Now we can write \begin{align} I&=2\sum_{n=1}^\infty (-1)^n\left(H_n^3-3H_nH_n^{(2)}+2H_n^{(3)}\right)\int_0^1 x^n \ln^2x\ dx\\ &=-2\sum_{n=1}^\infty (-1)^n\left(H_{n-1}^3-3H_{n-1}H_{n-1}^{(2)}+2H_{n-1}^{(3)}\right)\int_0^1 x^{n-1} \ln^2x\ dx\\ &=-2\sum_{n=1}^\infty (-1)^n\left(H_{n}^3-3H_{n}H_{n}^{(2)}+2H_{n}^{(3)}+\frac{6H_n}{n^3}-\frac{3H_n^2}{n}+\frac{3H_n^{(2)}}{n}-\frac{6}{n^2}\right)\left(\frac{2}{n^3}\right)\\ \end{align}

Then

\begin{align} I&=12\sum_{n=1}^\infty\frac{(-1)^nH_nH_n^{(2)}}{n^3}-4\sum_{n=1}^\infty\frac{(-1)^nH_n^3}{n^3}-8\sum_{n=1}^\infty\frac{(-1)^nH_n^{(3)}}{n^3}-24\sum_{n=1}^\infty\frac{(-1)^nH_n}{n^5}\\ &\quad+12\sum_{n=1}^\infty\frac{(-1)^nH_n^2}{n^4}-12\sum_{n=1}^\infty\frac{(-1)^nH_n^{(2)}}{n^4}+24\sum_{n=1}^\infty\frac{(-1)^n}{n^6}\tag{2} \end{align}

We can see from $(1)$ and $(2)$ that our target sum is related to $\sum_{n=1}^\infty\frac{(-1)^nH_n}{n^5}$.

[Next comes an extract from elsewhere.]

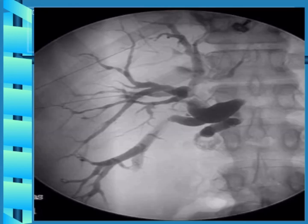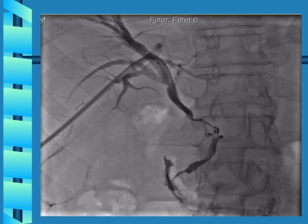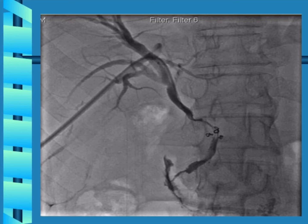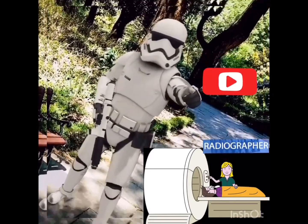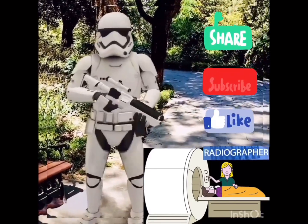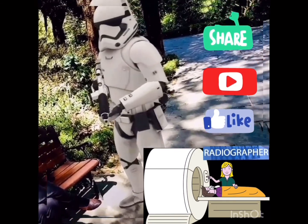This image shows percutaneous transhepatic cholangiography. For more radiographer information, please subscribe to the channel, and like, share, and comment.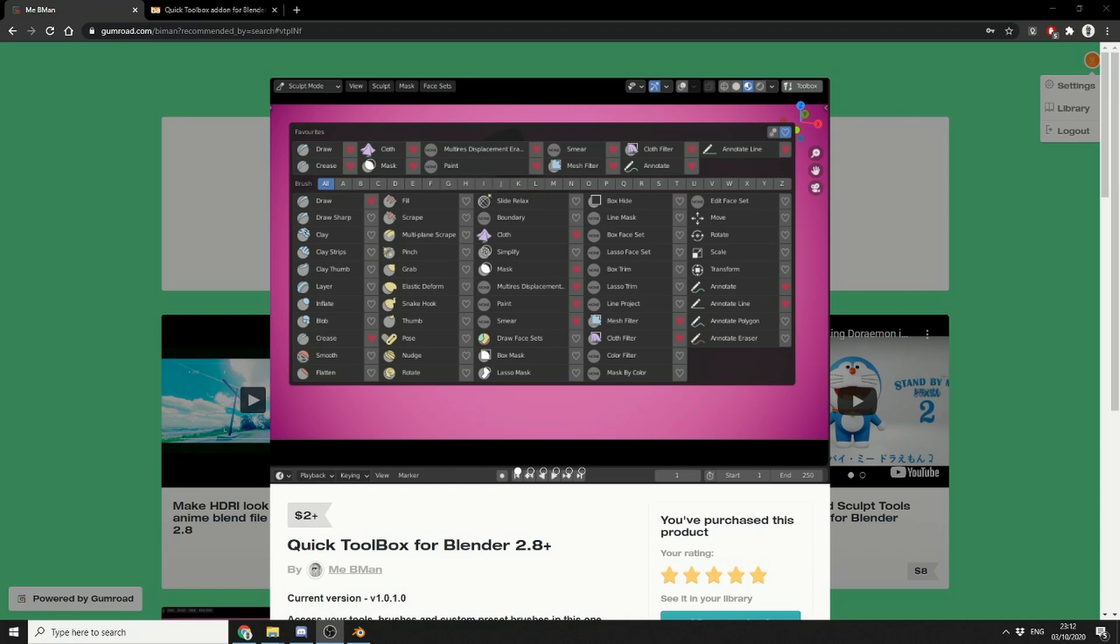Now, just to give a brief summary, if you've ever used ZBrush and you press the B button to bring up the toolbox, it kind of replicates something very similar. It works in sculpting mode, it works in weight paint mode, it works in edit mode. And it's only $2. By the time you add in tax, it's $2.40, and it's pretty much worth every single cent.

I am not sure if the alternating sums in $(2)$ have closed form or not but I am sure that $\sum_{n=1}^\infty\frac{(-1)^nH_n}{n^5}$ has no closed form because the power of the denominator is odd more than 3. So the target sum has no closed form unless $\sum_{n=1}^\infty\frac{(-1)^nH_n}{n^5}$ cancels out with other sums somehow which I doubt.